This is a pretty simple concept and you’re all intelligent people, so I’ll spare you too much of a preamble here. In this, my third attempt at making bold predictions (see my lists from 2015 and 2016 if you’re so inclined), I throw intuition and educated guesswork into a blender and pulse liberally. As always, the plan is to follow up on these as the season continues to see how I did.
Of course, you can feel free to call me out on them right away if you like.
1) The Cubs sign Brett Anderson to round out the pitching staff
Boom, nailed it! Always nice to start off with a softball. In case you’ve been under a rock, this one already happened. In keeping with the theme of the post, I’ll add that Anderson remains relatively healthy and makes 12-15 starts while also logging 30-35ish appearances out of the pen.
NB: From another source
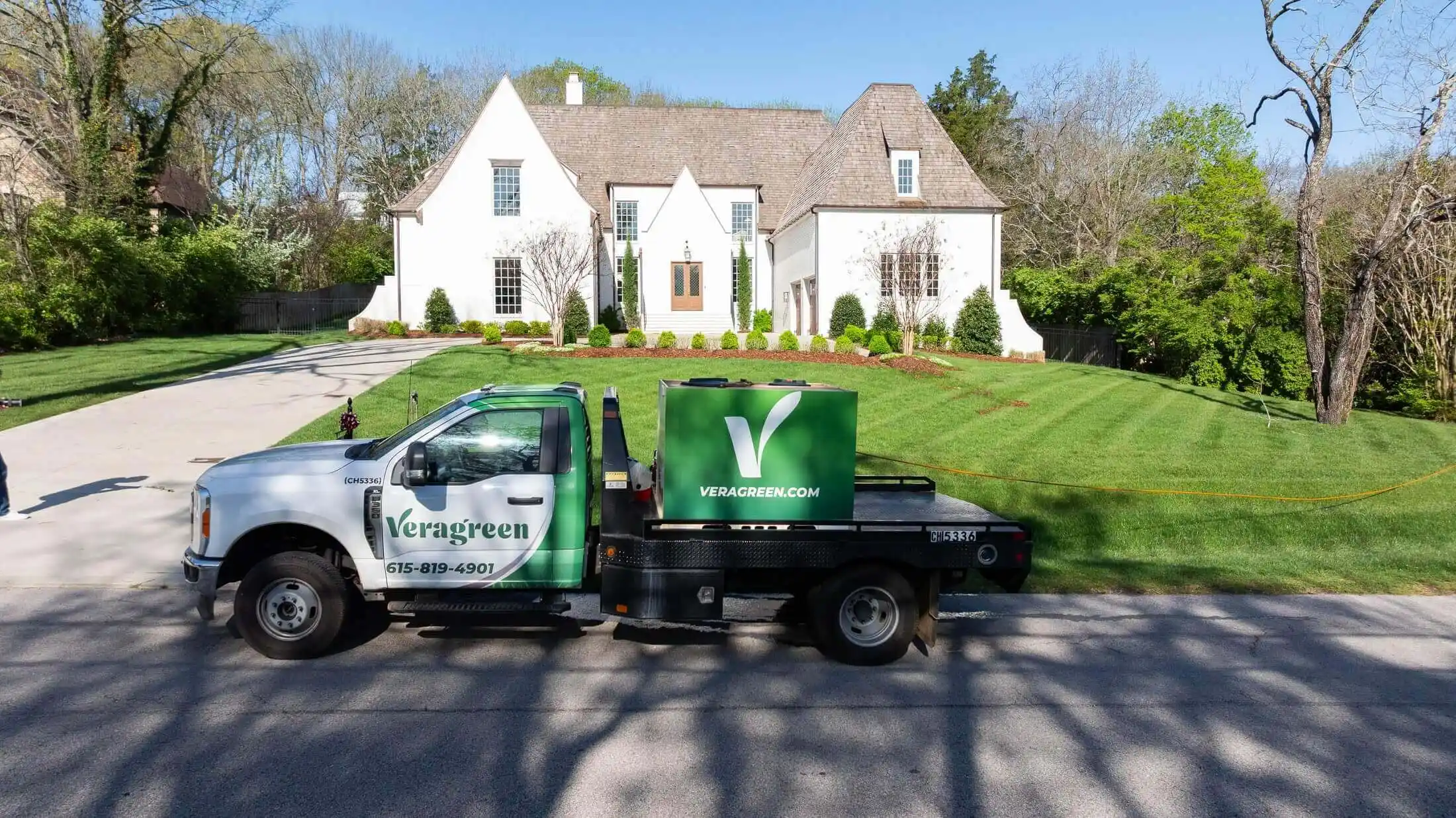 Veragreen service truck parked at residential home with maintained lawn and landscaping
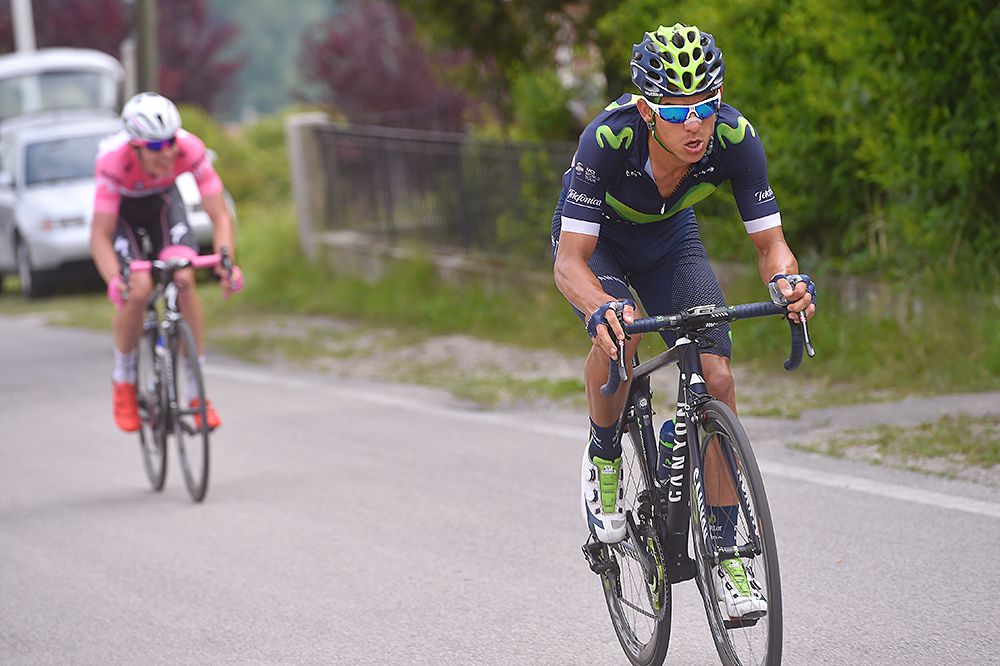 Andrey Amador (Movistar) attacks and Bob Jungels (Etixx-QuickStep) chases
2) Kyle Schwarber sets record for leadoff home runs
Alfonso Soriano hit 12 leadoff homers (that’s to start a game, not an inning) in 2007, which set the standard for both the Cubs and the National League as a whole. Four years prior, Sori smacked 13 leadoff dingers for the Yankees to establish the AL record. With Joe Maddon leaning toward using Schwarber at the top of the order, we could see the bar set a little higher. Would that make it a War Bear WAR bar?
3) Addison Russell slashes .265/.360/.450
While this wouldn’t be a monster stat line on it’s own, it represents jumps of 30-40 points in each of the respective categories. Russell has existed in a perpetual state of ready-to-bust-outiness, and this is the year he truly realizes his latent offensive potential.
4) Albert Almora wins a Gold Glove in center
Have you seen this kid play defense? There are more athletic fielders out there, but I don’t think you’ll see any with better instincts and greater desire to be the best. I know a lot of folks are going to miss Dexter Fowler, but seeing Almora patrolling center on the daily is going to be a real treat.
5) Jason Heyward serves up heaping helpings of crow
I’ll be the first one to admit that I was not always complimentary of Heyward’s plate approach last season. Heck, my laments about his propensity for rolling over to the right side even got me labeled as a racist fomenter of negativity. At the same time, though, I was steadfast in my defense and support of the Cubs paying the man what they did. It was never about giving a ton of money to one man for his singular talent, but about allocating money to make the team better.
Still, Heyward’s individual performance at the plate was nothing if not disappointing. He’s been working tirelessly since the end of the season to get his swing back to where it was earlier in his career, which, combined with a higher comfort level, will bear plenty of fruit. And good fruit, too, not durian or cantaloupe. Haters beware.
6) The Cubs draft a pitcher with their first pick
The bat-first strategy employed over the last five years has had a major impact, but shifts in both draft position and the team’s makeup may alter things. No longer are the Cubs in line for a top-5 pick, nor are they in need of position players in the immediate future. Pitchers, though, pitchers they could use in short order. Without a pick in the first two rounds last year, the Cubs chose starter Thomas Hatch in the third. They’ll go back to that well with their first pick this time around.
7) They also swing a trade for a young starter
Remember what I just wrote about that glut of position players? Knowing that they’ll need to replace a good chunk of their rotation for 2018 means the front office is going to be willing and able to deal from a strength to bolster a weakness. I don’t see Eloy Jimenez going anywhere, but the rest of the top 5 prospects will be in play.
8) Early overreactions abound
Okay, this isn’t all that bold given the nature of fandom. Still, it’ll be funny to see how many people start freaking out when the Cubs go 3-7 to start Spring Training or when Dexter Fowler hits a walk-off homer for the Cardinals to win the season opener.
9) The Cubs win 105 games
It’s hard to imagine doing better than 103 wins and a World Series title, but the Cubs might very well be a stronger team this season. Anything can happen over the course of 162 games, but it’s not a stretch to say that the offense could be better with the defense and pitching staying about the same. Avoid that early July swoon and you’ve got even more than 105 wins.
Listen, there’s plenty of room for regression in several categories too, so I don’t want to make this sound like it’s all sunshine and rainbows. Working in the Cubs’ favor is their division, which went from boasting the three best records in baseball to being sort of a landfill. Even all the grass and trees being planted can’t completely mask the pipes installed to relieve the gas being put off by Milwaukee and Cincinnati.
10a) Kris Bryant repeats as MVP
Corey Seager should be even better as the Dodgers continue to make plenty of noise, but I believe Bryant will improve upon the few weak spots in his game en route to another trophy.
10b) Anthony Rizzo wins MVP
But, Evan, you said Bryant was going to repeat as MVP. Yeah, and? They’re gonna share it, dude.
There you have it, my annual attempt to compete with those ubiquitous online listicles. Got any predictions of your own?